-- Given information follows --
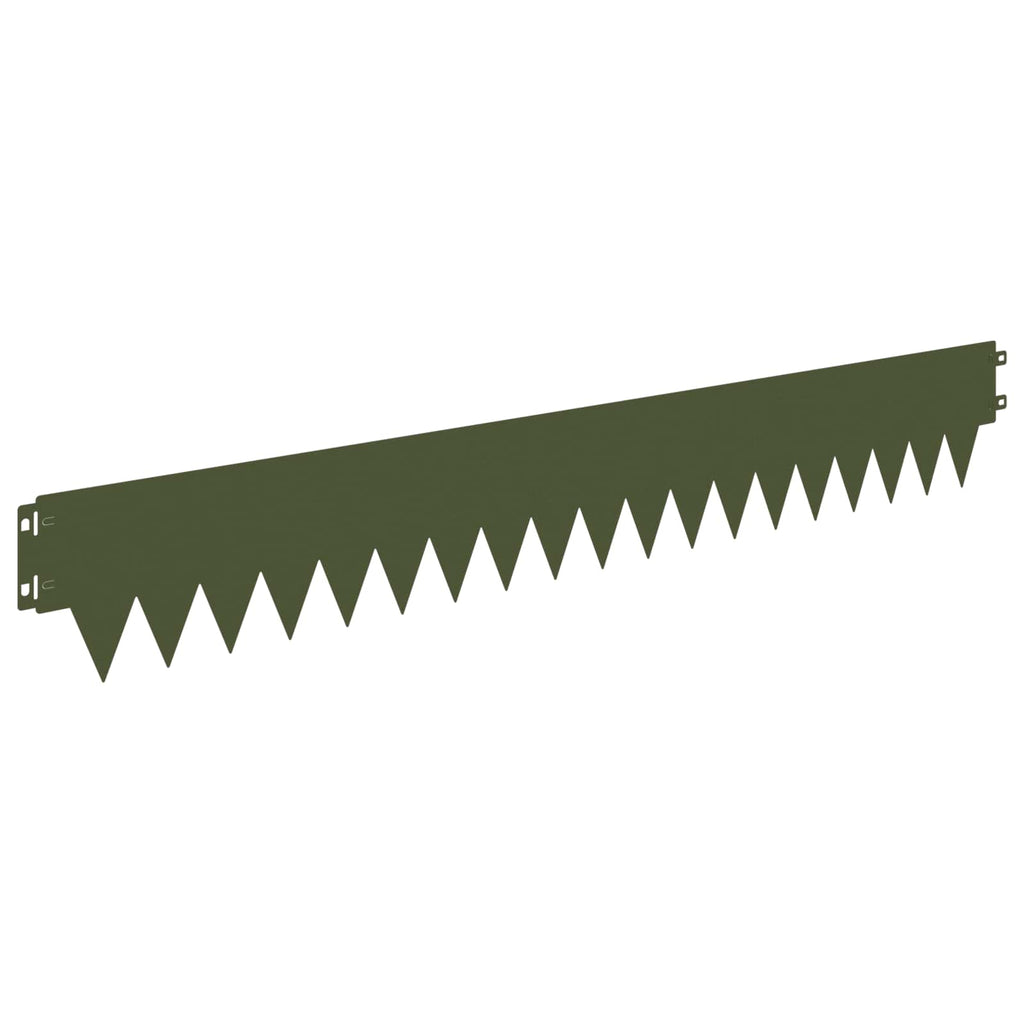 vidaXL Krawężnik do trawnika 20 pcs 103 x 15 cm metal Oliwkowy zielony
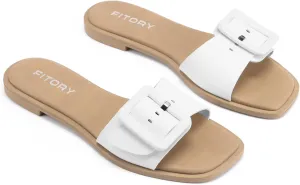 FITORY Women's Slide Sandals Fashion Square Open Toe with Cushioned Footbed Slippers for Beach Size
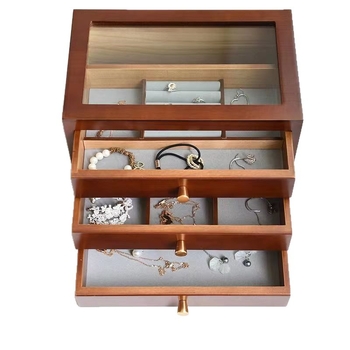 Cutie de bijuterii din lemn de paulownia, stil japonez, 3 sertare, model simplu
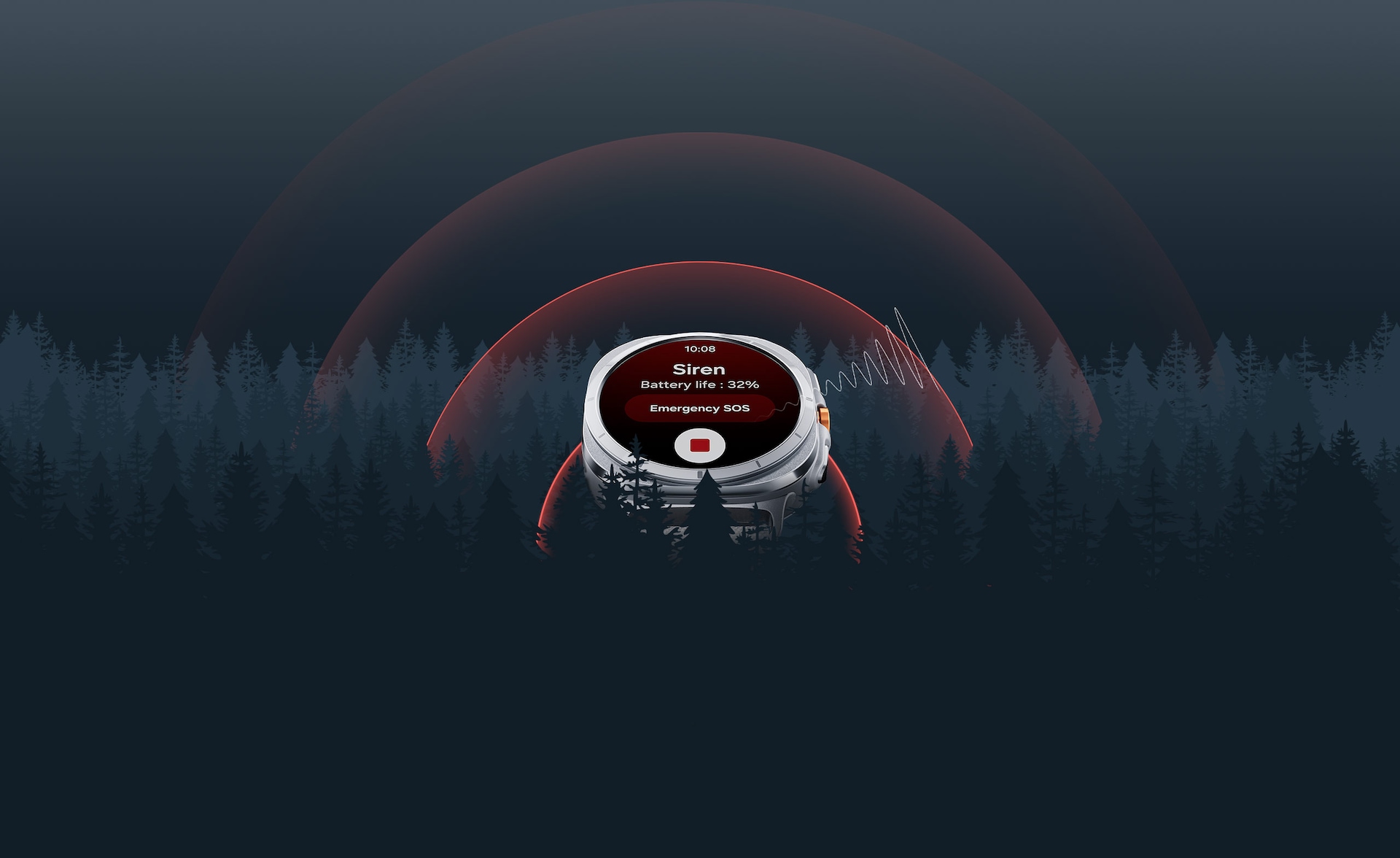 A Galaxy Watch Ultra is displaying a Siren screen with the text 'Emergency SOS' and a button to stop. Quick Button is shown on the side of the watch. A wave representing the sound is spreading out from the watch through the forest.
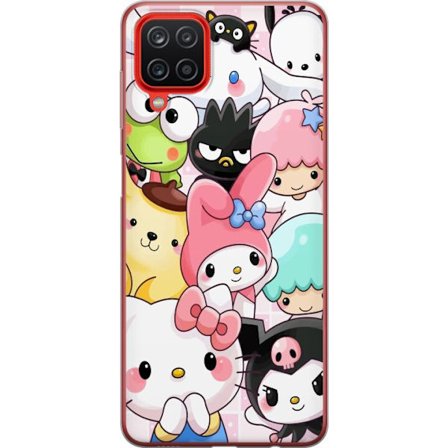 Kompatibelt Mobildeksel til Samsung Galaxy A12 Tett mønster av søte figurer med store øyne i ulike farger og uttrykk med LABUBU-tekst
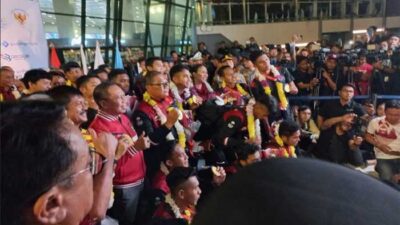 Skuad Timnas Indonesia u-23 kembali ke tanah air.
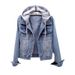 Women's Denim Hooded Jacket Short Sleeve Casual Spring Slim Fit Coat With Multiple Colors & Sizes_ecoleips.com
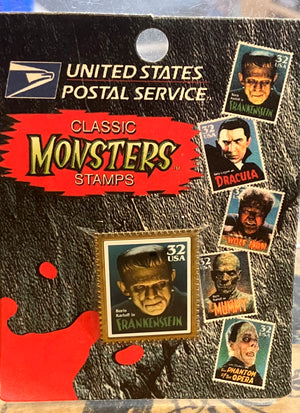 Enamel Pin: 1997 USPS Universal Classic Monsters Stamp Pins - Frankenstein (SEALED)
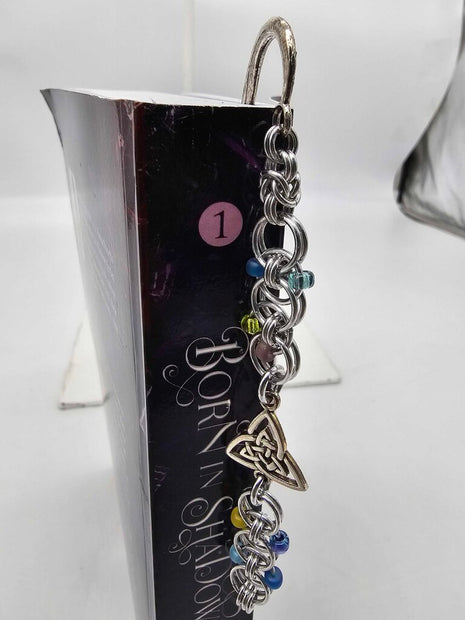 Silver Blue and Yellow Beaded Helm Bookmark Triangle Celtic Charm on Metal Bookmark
-- Given information concluded --
__Work instruction__:
Leave the pictures out. Output exactly, and only, the lines from the one with "Kompatibelt Mobildeksel til" through the last line of the listing above, both included.

__Solution below__:
 Kompatibelt Mobildeksel til Samsung Galaxy A12 Tett mønster av søte figurer med store øyne i ulike farger og uttrykk med LABUBU-tekst
 Skuad Timnas Indonesia u-23 kembali ke tanah air.
 Women's Denim Hooded Jacket Short Sleeve Casual Spring Slim Fit Coat With Multiple Colors & Sizes_ecoleips.com
 Enamel Pin: 1997 USPS Universal Classic Monsters Stamp Pins - Frankenstein (SEALED)
 Silver Blue and Yellow Beaded Helm Bookmark Triangle Celtic Charm on Metal Bookmark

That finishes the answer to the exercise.